The trouble with oppositional politics is that it’s always more important to blame the other side than it is to understand a problem properly. There was a classic example of this on the radio this morning. Iain Duncan Smith, the Work and Pensions Secretary, was explaining the changes to housing benefit that come in today. Yes, many households will see reductions in their housing benefit, he says, but the welfare system has to be reined in.
The narrative that Duncan Smith was working to was that housing benefit doubled under the last Labour government. The implied message there is that Labour were soft on welfare, allowing all kinds of scroungers to enjoy discounted housing at the expense of the hardworking people of Britain. But while that’s a convenient political point, it ignores the real reasons behind that rise in benefits.
In the decade after Labour came to power, there was a long property boom. The average price of a house doubled and then some. The cost of renting has also risen to unprecedented highs.
Growth in average wages in Britain has not kept pace with the cost of housing. Inevitably, this means that many people have been spending an larger percentage of their earnings on housing. For those on low incomes, that may push you into eligibility for housing benefit.
As evidence of this, you need look no further than the sorts of households claiming the benefit.
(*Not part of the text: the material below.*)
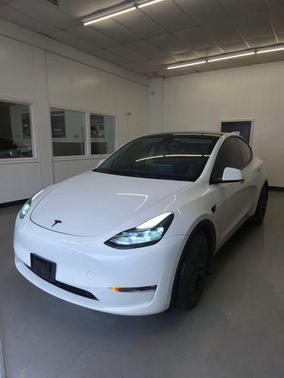 Pearl White Multi-Coat 2022 Tesla Model Y Performance Dual Motor All-Wheel Drive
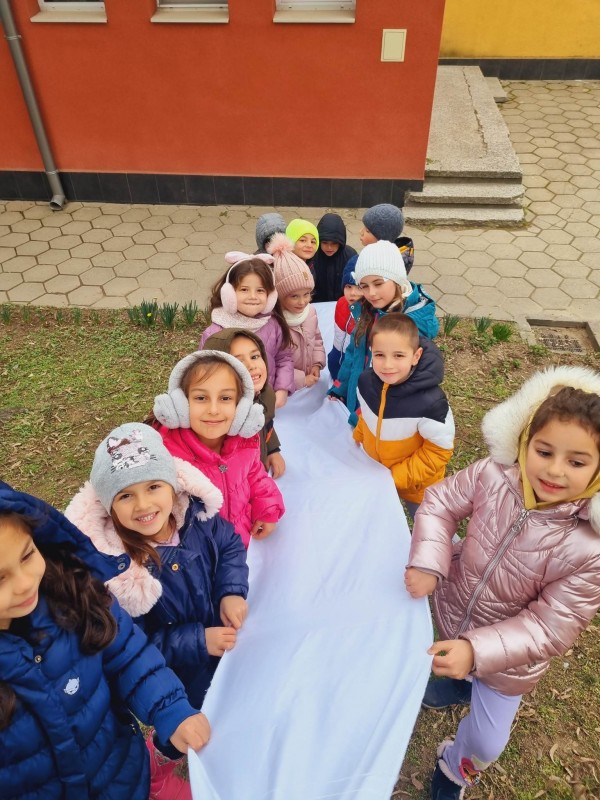 Децата от ДГ “Юрий Гагарин“ си спретнаха първомартенска украса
In the past, housing benefit was closely correlated to unemployment, but more and more working people have been applying. In the last few years, the majority of new sign-ups to housing benefit have been from working families.
The problem with a political explanation of problems rather than a factual understanding of them, is that your solutions don’t get the heart of the matter. So the coalition government’s new plans today will cut the benefit budget, but it won’t do anything to actually solve the underlying problem – housing is too expensive in Britain today. (Before anyone mentions the housing shortage, Britain hasn’t had one since 1971 and that’s whole other post)
Instead, other parts of the government are making things worse. The chancellor’s latest budget includes measures to try and jumpstart the property market again, the very source of the problem. And who can blame them? Rising house prices work magic for the economy – until the inevitable correction of course. But with any luck, that can always be blamed on the opposition.